* _Task objective_: Starting at the top of the entries below, write out each line up to and including the one containing "Close-up of a". Leave the pictures out.

* _Input data_:
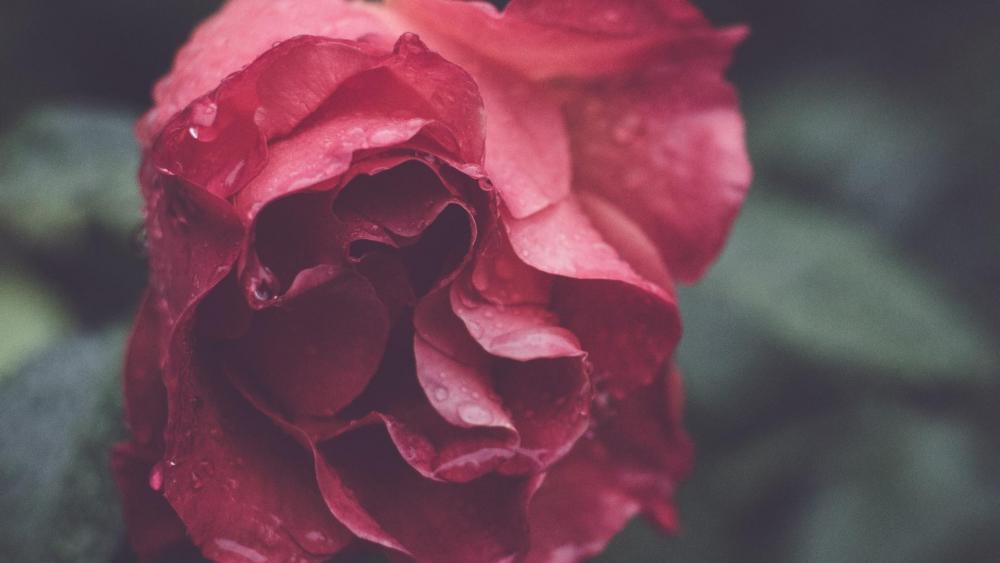 Red rose with dew drops wallpaper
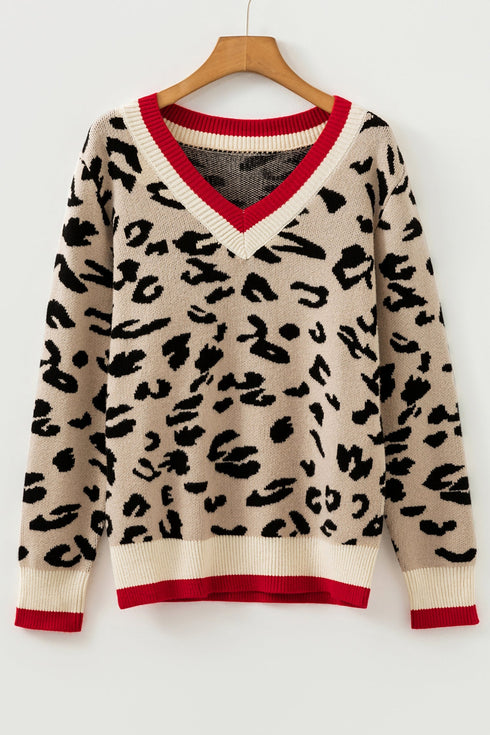 Animal Print Contrast Trim V Neck Sweater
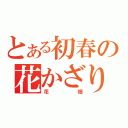 とある初春の花かざり（花畑）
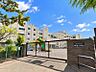周辺：大和市立柳橋小学校600ｍ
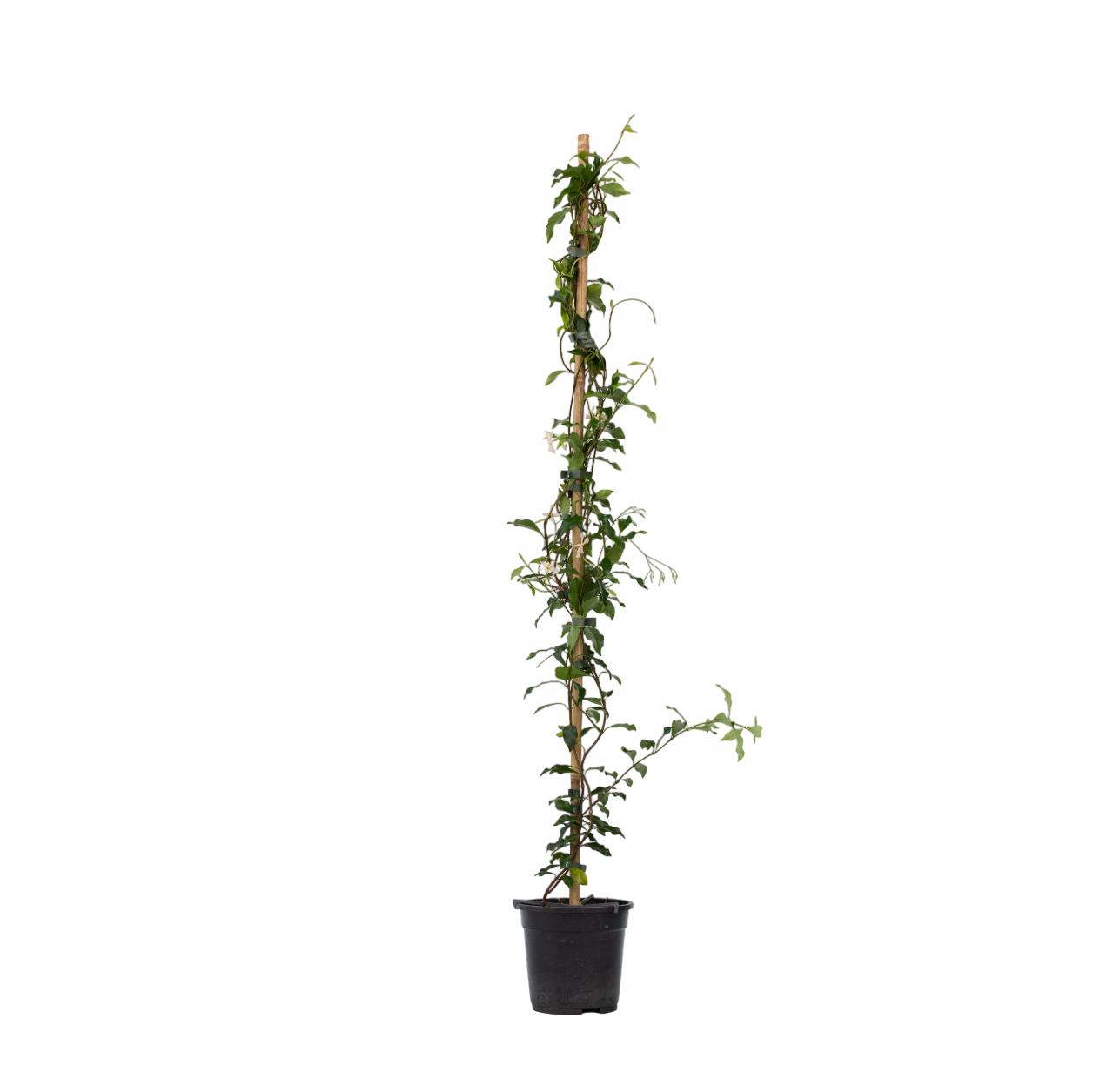 Jazmín Estrellado - Trachelospermum Jasminoides - Altura 110-120cm - ⌀17cm_0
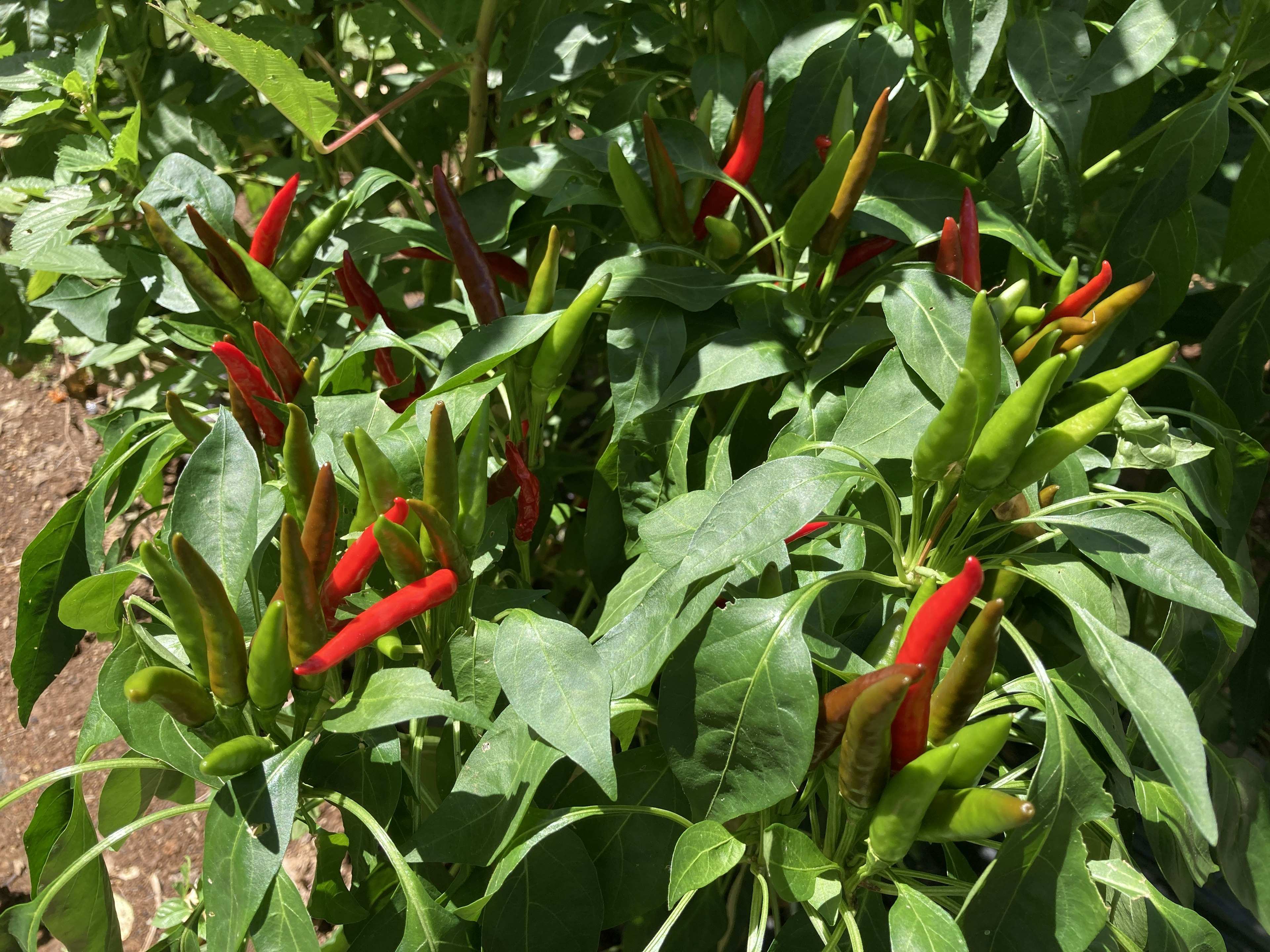 Close-up of a chili pepper plant with red and green peppers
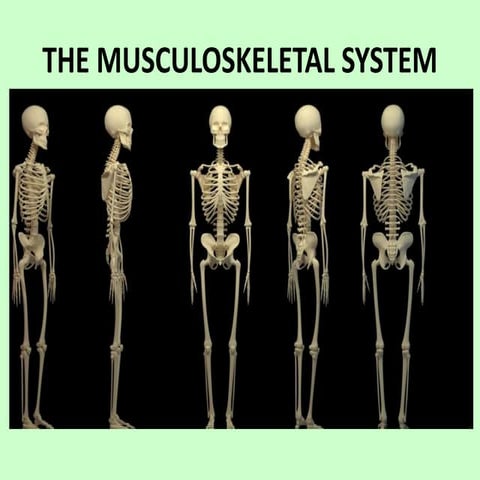 Skeletal system  science 6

* _Response area_:
 Red rose with dew drops wallpaper
 Animal Print Contrast Trim V Neck Sweater
 とある初春の花かざり（花畑）
周辺：大和市立柳橋小学校600ｍ
 Jazmín Estrellado - Trachelospermum Jasminoides - Altura 110-120cm - ⌀17cm_0
 Close-up of a chili pepper plant with red and green peppers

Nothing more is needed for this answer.